Well, good. Thank you very much, Pat. Great stuff. First investor day in the role, and well done. We'll maybe just wrap up here.
Yep.
And then we'll get folks to lunch. So just to close out the morning, maybe I'll just quickly summarize on one slide. Only one more to go, and I really hope it and trust this is what you'll take away from the team today through the discussions. Our scale, our diversification, and connectivity are really blending and extending that growth right through the end of the decade. In liquids, you know, we generate low risk, positive, free cash flow from strongly utilized systems, systems that... In optimizations and low-cost expansion opportunities, those are gonna continue to drive a long-term EBITDA growth rate throughout that business.

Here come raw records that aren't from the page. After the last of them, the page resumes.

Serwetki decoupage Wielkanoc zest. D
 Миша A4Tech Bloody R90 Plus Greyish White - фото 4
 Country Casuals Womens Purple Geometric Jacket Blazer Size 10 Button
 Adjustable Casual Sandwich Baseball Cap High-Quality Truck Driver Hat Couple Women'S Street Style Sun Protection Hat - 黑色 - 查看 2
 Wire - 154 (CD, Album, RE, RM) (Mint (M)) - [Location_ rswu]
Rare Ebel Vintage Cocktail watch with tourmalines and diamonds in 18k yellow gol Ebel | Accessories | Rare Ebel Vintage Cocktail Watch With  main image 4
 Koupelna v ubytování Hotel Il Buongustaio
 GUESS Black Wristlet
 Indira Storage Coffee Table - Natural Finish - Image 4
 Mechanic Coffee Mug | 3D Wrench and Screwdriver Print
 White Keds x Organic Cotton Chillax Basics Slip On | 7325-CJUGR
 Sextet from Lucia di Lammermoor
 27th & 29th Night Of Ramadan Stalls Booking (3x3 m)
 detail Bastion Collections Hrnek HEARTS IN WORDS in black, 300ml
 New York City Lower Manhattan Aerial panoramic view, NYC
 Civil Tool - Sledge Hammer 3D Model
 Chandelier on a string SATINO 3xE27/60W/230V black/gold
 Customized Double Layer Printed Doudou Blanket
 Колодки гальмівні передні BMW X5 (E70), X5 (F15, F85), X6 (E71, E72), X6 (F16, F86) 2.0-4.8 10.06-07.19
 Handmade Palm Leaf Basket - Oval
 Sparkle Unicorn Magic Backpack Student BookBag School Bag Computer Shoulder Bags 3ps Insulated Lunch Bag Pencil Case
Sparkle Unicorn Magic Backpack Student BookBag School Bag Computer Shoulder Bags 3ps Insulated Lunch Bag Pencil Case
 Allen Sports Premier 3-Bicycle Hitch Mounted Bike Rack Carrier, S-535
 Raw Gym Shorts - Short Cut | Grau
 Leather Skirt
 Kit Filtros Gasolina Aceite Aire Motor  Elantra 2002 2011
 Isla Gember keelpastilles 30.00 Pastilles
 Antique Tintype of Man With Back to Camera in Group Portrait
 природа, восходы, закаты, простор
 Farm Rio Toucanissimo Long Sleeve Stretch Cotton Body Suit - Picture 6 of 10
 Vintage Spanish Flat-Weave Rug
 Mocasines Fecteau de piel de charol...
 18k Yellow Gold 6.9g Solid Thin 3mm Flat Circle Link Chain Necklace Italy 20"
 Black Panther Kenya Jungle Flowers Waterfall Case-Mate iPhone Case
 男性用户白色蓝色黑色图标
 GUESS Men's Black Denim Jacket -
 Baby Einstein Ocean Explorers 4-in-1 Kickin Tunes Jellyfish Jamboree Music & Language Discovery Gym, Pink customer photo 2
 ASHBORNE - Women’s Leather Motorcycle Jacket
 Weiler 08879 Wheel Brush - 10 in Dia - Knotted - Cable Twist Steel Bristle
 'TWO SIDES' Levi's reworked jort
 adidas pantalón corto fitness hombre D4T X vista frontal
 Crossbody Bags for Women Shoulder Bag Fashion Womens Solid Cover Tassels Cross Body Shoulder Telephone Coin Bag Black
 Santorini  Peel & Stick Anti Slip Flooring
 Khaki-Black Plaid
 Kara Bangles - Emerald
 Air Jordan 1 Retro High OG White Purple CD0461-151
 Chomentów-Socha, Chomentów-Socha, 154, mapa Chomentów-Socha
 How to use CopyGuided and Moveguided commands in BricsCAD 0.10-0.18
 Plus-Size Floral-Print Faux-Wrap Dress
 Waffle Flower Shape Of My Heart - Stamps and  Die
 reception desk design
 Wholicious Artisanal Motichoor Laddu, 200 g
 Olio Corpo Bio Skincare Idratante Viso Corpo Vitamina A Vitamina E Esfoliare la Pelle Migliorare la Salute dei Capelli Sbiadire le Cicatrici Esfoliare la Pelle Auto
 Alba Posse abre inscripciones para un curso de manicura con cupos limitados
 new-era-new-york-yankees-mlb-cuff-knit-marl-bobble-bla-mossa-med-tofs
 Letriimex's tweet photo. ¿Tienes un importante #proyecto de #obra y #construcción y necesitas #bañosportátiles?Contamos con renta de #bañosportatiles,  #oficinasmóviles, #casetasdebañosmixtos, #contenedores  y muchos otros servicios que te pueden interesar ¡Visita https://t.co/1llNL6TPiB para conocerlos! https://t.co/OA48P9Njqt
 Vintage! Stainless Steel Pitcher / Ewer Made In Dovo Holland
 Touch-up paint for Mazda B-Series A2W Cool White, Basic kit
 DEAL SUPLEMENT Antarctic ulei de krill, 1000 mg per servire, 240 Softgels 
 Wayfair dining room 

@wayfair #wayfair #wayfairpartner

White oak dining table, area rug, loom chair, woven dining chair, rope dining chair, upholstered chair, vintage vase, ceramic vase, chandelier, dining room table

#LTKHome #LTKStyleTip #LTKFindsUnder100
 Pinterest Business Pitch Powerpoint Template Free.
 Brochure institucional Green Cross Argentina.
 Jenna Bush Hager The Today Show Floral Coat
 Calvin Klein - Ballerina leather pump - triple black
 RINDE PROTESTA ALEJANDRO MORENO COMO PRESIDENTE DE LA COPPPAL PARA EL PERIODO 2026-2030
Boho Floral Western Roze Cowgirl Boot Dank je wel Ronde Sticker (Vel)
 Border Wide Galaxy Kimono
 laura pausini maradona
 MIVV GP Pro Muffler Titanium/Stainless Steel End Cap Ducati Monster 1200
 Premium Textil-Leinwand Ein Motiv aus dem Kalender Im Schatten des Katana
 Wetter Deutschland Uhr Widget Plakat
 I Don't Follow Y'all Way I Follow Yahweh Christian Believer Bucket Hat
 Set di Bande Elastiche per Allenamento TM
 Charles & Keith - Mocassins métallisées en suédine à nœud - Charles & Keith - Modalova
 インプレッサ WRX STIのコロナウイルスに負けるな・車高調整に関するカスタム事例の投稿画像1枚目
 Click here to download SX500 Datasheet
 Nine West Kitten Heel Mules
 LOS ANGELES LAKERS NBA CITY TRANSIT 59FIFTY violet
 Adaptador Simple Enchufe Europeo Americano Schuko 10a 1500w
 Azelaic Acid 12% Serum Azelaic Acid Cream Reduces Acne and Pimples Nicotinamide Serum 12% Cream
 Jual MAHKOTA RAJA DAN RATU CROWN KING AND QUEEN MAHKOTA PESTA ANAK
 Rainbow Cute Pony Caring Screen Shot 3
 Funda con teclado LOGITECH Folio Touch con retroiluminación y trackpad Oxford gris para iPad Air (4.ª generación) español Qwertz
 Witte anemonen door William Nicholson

In the gas transmission business, we really have an unparalleled pipeline and storage position that is ideally suited to serve the growing domestic needs for natural gas, as well as, and increasingly so, the global needs. And there, too, optimizations and strategically located assets are driving more than CAD 18 billion of organic growth opportunities. In gas distribution, we have a diversified footprint going forward, and that generates really predictable returns. The U.S. gas utilities that we're gonna pick up here increase the visibility of that growth right across four geographies now, and we've got more than CAD 3 billion of total annual quick cycle capital to invest, which is fully underpinned by the need for affordable, reliable, natural gas in those jurisdictions. And then in Renewable Power , let's not forget that we're well positioned to capitalize on that increasing demand for clean energy.
Here, too, we have a really strong track record of disciplined investment. We see up to CAD 1.5 billion, as Matthew said, of renewable growth opportunities going forward. If you put it all together, our financial strength and the capital discipline will enable us to blend and extend that growth outlook through the end of the decade and deliver long-term, double-digit shareholder returns. As we like to say, and you've heard today, tomorrow's on at Enbridge, and we're ensuring that both our customers and our investors benefit every step of the way. I wanna thank all of you for being here. I hope you've enjoyed the time, and I hope you're gonna spend some more time with our teams here. We're gonna have a little lunch.
For everybody that's been online, I know that's a lot of people, thanks very much. We look forward to buying you a free lunch somewhere down the road, but while everybody's here, please join us, and then we'll get together at the tables. Thanks very much.